┌─ GIVEN INFORMATION

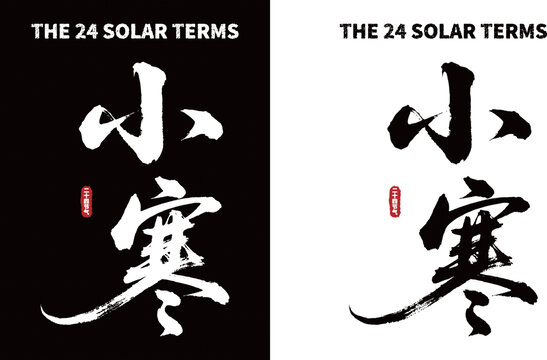 小寒節(jié)氣書法字體素材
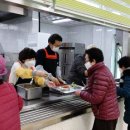 고창경로당 이미지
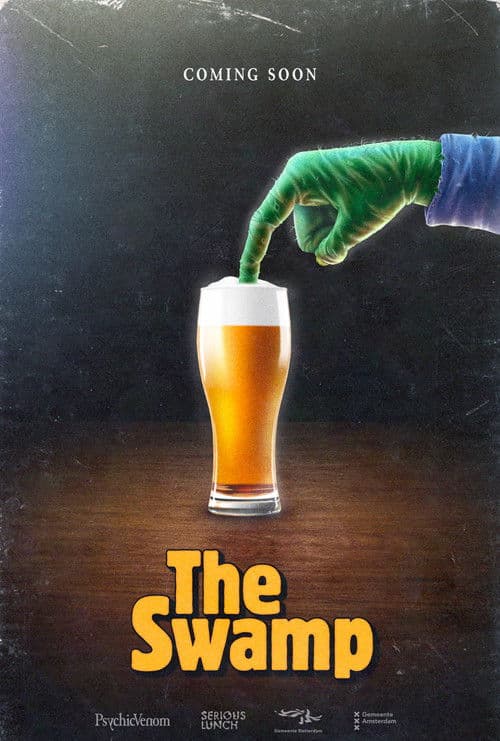 The Swampのポスター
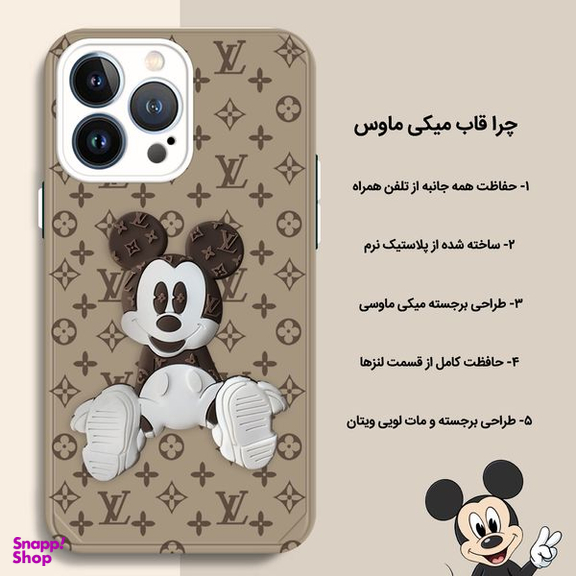 کاور دکین (Dakkin) طرح میکی ماوس مناسب برای گوشی اپل iPhone 13 Pro Max
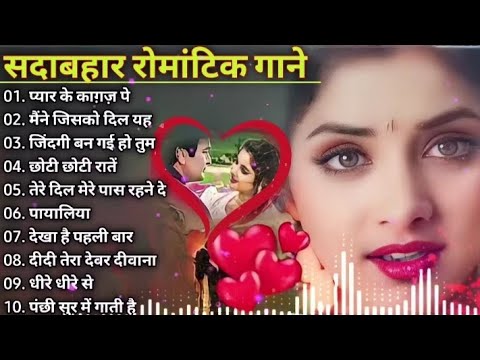 Hindi love 💘💘 song (90's 80's फिल्मी गाने) love 💕💕 song sadabahar song #hindi #oldisgold #kumarsanu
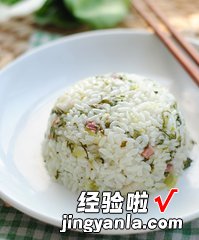 咸肉菜饭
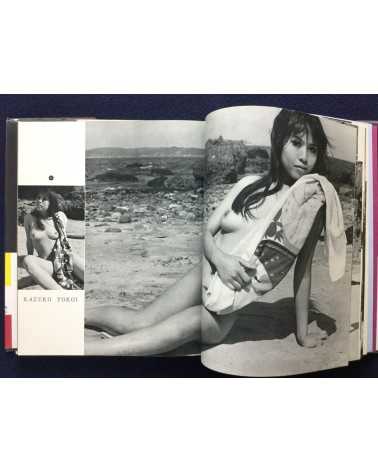 Nude 100 - Beauty in Japan - 1968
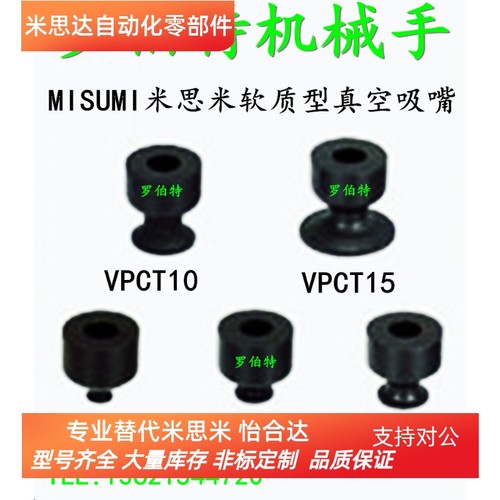 MISUMI米思米软质波纹型真空吸盘VPCT6 VPCT8 VPCT10 VPCT15吸嘴4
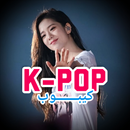 أغاني كيبوب k-pop بدون نت APK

└─

Set the records down again exactly as given, and leave the pictures out.

▶ _RESULT OF THE TASK_
 小寒節(jié)氣書法字體素材
 고창경로당 이미지
 The Swampのポスター
 کاور دکین (Dakkin) طرح میکی ماوس مناسب برای گوشی اپل iPhone 13 Pro Max
 Hindi love 💘💘 song (90's 80's फिल्मी गाने) love 💕💕 song sadabahar song #hindi #oldisgold #kumarsanu
 咸肉菜饭
 Nude 100 - Beauty in Japan - 1968
 MISUMI米思米软质波纹型真空吸盘VPCT6 VPCT8 VPCT10 VPCT15吸嘴4
 أغاني كيبوب k-pop بدون نت APK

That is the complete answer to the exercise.